TASK DATA START

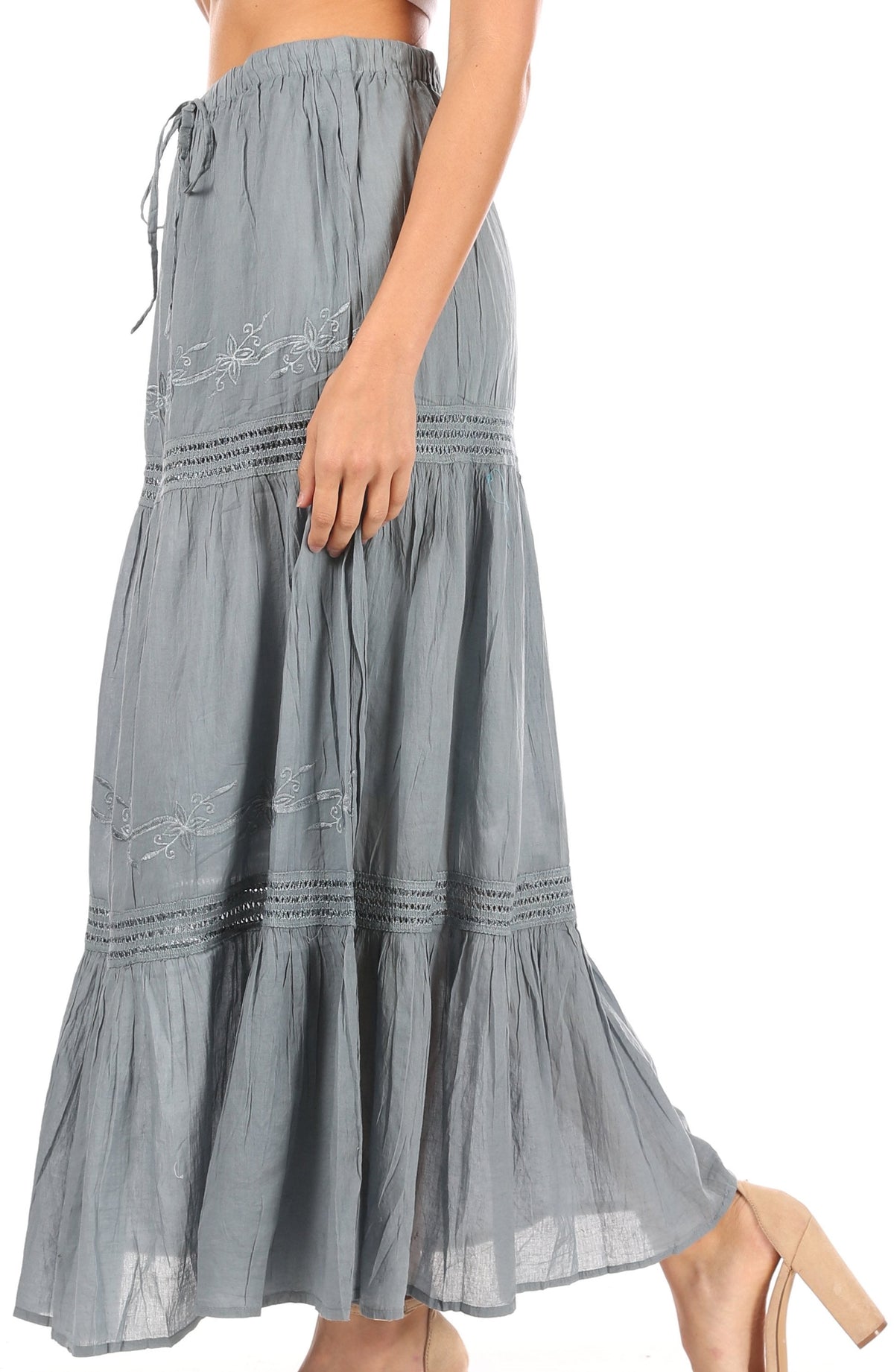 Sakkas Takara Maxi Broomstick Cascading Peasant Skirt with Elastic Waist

TASK DATA END
TASK DATA START

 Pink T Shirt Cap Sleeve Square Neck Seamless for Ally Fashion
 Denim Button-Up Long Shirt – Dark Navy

TASK DATA END

Reproduce only the lines above, starting at the line with "Pink T Shirt" and ending at the line with "Denim Button-Up Long Shirt – Dark Navy", exactly as written.

 Pink T Shirt Cap Sleeve Square Neck Seamless for Ally Fashion
 Denim Button-Up Long Shirt – Dark Navy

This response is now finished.